Anche perché l'Italia, intesa come sponsor e squadre, è sparita dal World Tour.
"Sì, è una situazione strana, paradossale. Ho corso nella Liquigas, di fatto l'ultima squadra totalmente italiana nel circuito maggiore e avevo la consapevolezza, già allora, di partecipare a qualcosa di storico, di essere parte della fine di un ciclo positivo. Adesso i denari vengono da altre parti del mondo e dobbiamo adeguarci e, volendo, dovremmo anche imparare".
Al Giro ci saranno solo due formazioni italiane, ma Nippo e Androni stanno dando battaglia per tentare di far cambiare idea a Rcs.
"Vedere squadre come la CCC o la Gazprom, con corridori che difficilmente portano pubblico sulle strade e danno interesse alla corsa, non è una buona decisione, ma nel ciclismo contano molto gli sponsor e le prospettive economiche di una scelta e dunque, se Rcs ha scelto loro al posto delle italiane Nippo e Androni, avrà avuto i suoi motivi e non entro nel merito. Credo che però il nostro movimento ci perda con questa scelta".
Un'altra querelle nata in questi ultimi tempi è quella relativa ai freni a disco: banditi un anno fa dopo il terribile incidente di Ventoso alla Roubaix, riammessi ora.
"Dobbiamo intenderci: i freni a disco sono diversissimi da quelli tradizionali e non è ammissibile un gruppo in cui ci sono corridori che li hanno e altri che non li hanno, il tipo di frenata è totalmente diverso, si rischiano assurdi tamponamenti e molti incidenti, per non parlare dei rischi di tagli o di ustioni.

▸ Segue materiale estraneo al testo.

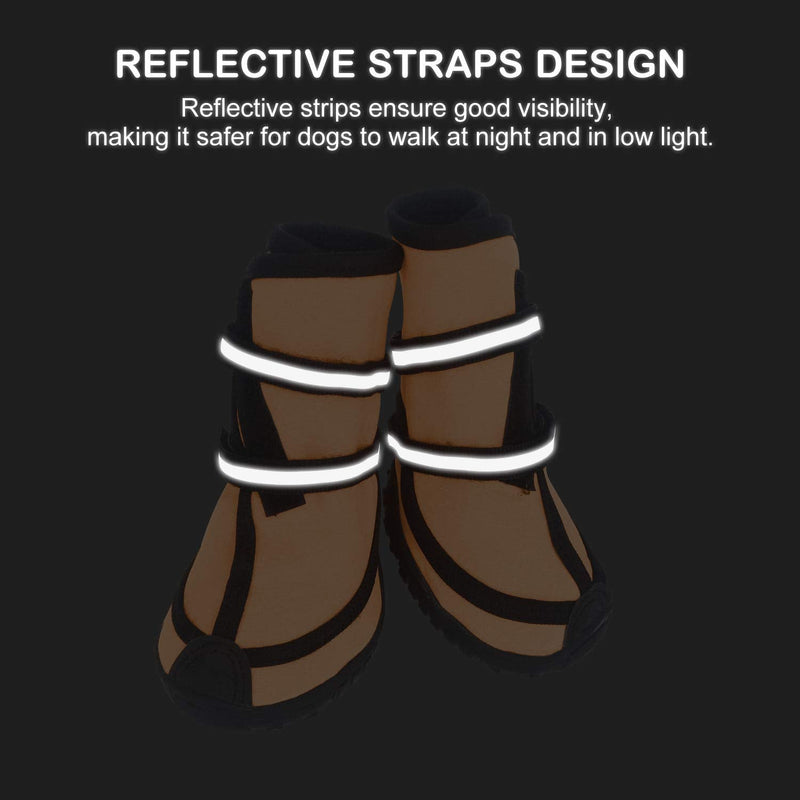 Dog Shoes for Large Dogs Medium Winter Snow Dog Booties with Adjustable Straps Rugged Anti-Slip Sole Paw - Sports Running Hiking Pet Dog Boots Protectors Comfortable Fit XL(Width 2.48in) Orange - BeesActive Australia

Io non li ho mai usati e non credo di farlo a breve. Fabio Aru ha pronta una bici con freni a disco ma per ora non dovrebbe usarla. La differenza può creare disparità: o tutti o nessuno".
Come va con Fabio?
"Avevamo una bella amicizia ai tempi delle categorie giovanili, siamo coetanei e abbiamo negli stessi anni nelle stesse categorie, anche se mai in squadra assieme. Lui è una macchina da guerra, se ha un obiettivo si impegna da morire, non sgarra, ha una mentalità da leader. Voglio farmi trovare pronto per il Giro e dargli una mano importante. Per il resto, l'intesa già c'è, sapremo metterla sulla strada".
Sente e vede spesso zio Francesco, il mitico Sceriffo?
"Ci vediamo due volte l'anno ormai, io vivo a Montecarlo, la mia ragazza è austriaca, in Trentino capito purtroppo poco".
Progetti, idee per il futuro?
"Sto sfogliando il libro dei test d'ingresso universitari, ho intenzione di iscrivermi a Scienze motorie, ma non so quando né dove ancora. È un mio progetto di vita, vedremo, ma adesso testa bassa e pedalare".